I'm curious if anyone knows what this message below means:

It only shows up in a few posts elsewhere and it's unclear if there's an issue

I've seen that before, and it's never been a problem.

If you're running on FreeNAS/FreeBSD, did you remember to run this before testing?

Code:

sysctl kern.geom.debugflags=0x10

thalf · Jan 5, 2021

I purchased two WD Ultrastar DC HC550 18TB drives and wanted to do some thorough testing before starting to use them, so I'm following the advice in qwertymodo's post that started this thread.

But... it's taking forever, even though I'm testing both disks in parallel.

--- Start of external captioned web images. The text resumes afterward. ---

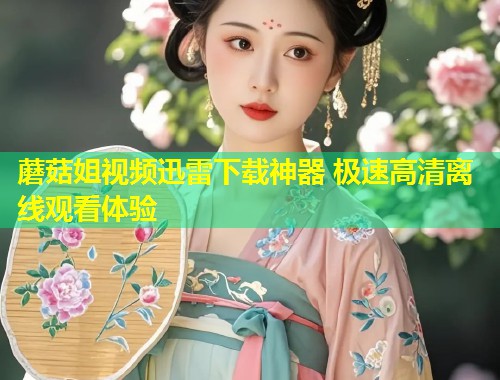 蘑菇姐视频迅雷下载神器 极速高清离线观看体验  第2张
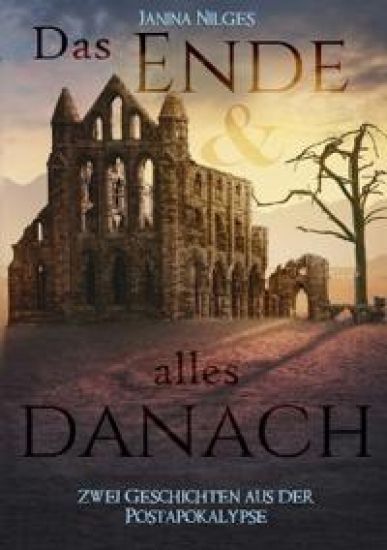 Das Ende und alles danach: Zwei Geschichten aus der Postapokalypse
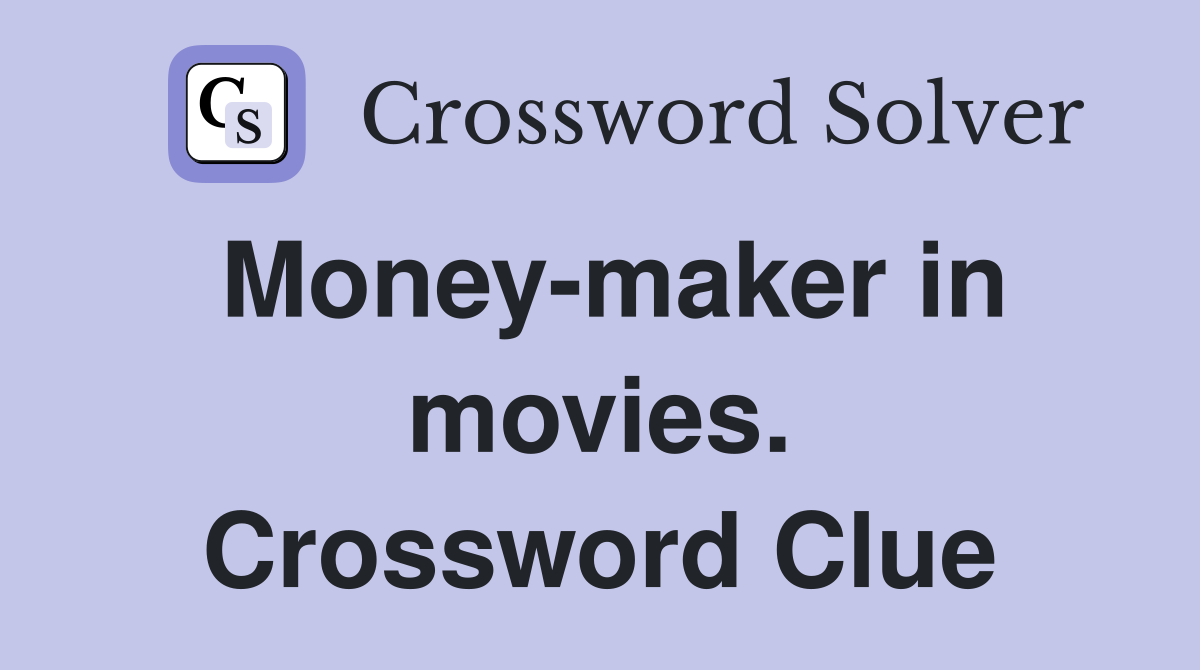 Money-maker in movies. Crossword Clue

The long S.M.A.R.T. test took roughly 30 hours. Then I started badblocks. The first pattern (0xaa) took roughly 46 hours. Now at 49h40m they're 16.6% and 20.4% along writing the 0x55 pattern, but at 100% they'll start "Reading and comparing" 0x55 before moving on to 0xff and then 0x00.

(I find it a bit interesting that one drive appears faster than the other, since I started badblocks on the two drives just 10 seconds apart.)

So badblocks looks like it'll take around 180 hours, or a bit over 7 days. That's a long wait. And after that qwertymodo's post says I should run another long S.M.A.R.T. test, for another 30 hours. That'll be a total of roughly 10 days' worth of testing the drives before starting to use them.

I didn't notice the difference that the -c flag to badblocks potentially can make until after around 30 hours or so, and at that point I was very hesitant to abort badblocks to try out different -c values to see if I got a speedup. If there's no speedup, that'll mean I've aborted and had to restart badblocks for nothing, losing a lot time.

How thorough do you guys test large drives before starting to use them? And what flags do you use?

Also, while on the subject of badblocks: for large drives a larger block size must be used, apparently due to some 32 bit limitations in the code. qwertymodo advises to use -b 4096 for drives larger than 2TB. Well, I had to use -b 8192 for the 18TB drives, as I first got errors:

Code:

root@nas:~ # time badblocks -ws /dev/ada0
badblocks: Value too large to be stored in data type invalid end block (17578328064): must be 32-bit value
0.000u 0.003s 0:00.00 0.0%      0+0k 0+0io 0pf+0w
root@nas:~ # time badblocks -b 4096 -ws /dev/ada0
badblocks: Value too large to be stored in data type invalid end block (4394582016): must be 32-bit value
0.000u 0.005s 0:00.02 0.0%      0+0k 0+0io 10pf+0w
root@nas:~ # smartctl -a /dev/ada0 | grep 'Sector Sizes:'
Sector Sizes:     512 bytes logical, 4096 bytes physical

But I read somewhere (can't find the source now) that using a block size larger than the drive's sector sizes was bad/pointless, since that somehow wouldn't test the entire disk, i.e. using a 8192 bytes block size on a drive with sector size 4096 bytes meant that only every other 4096 bytes would actually be tested.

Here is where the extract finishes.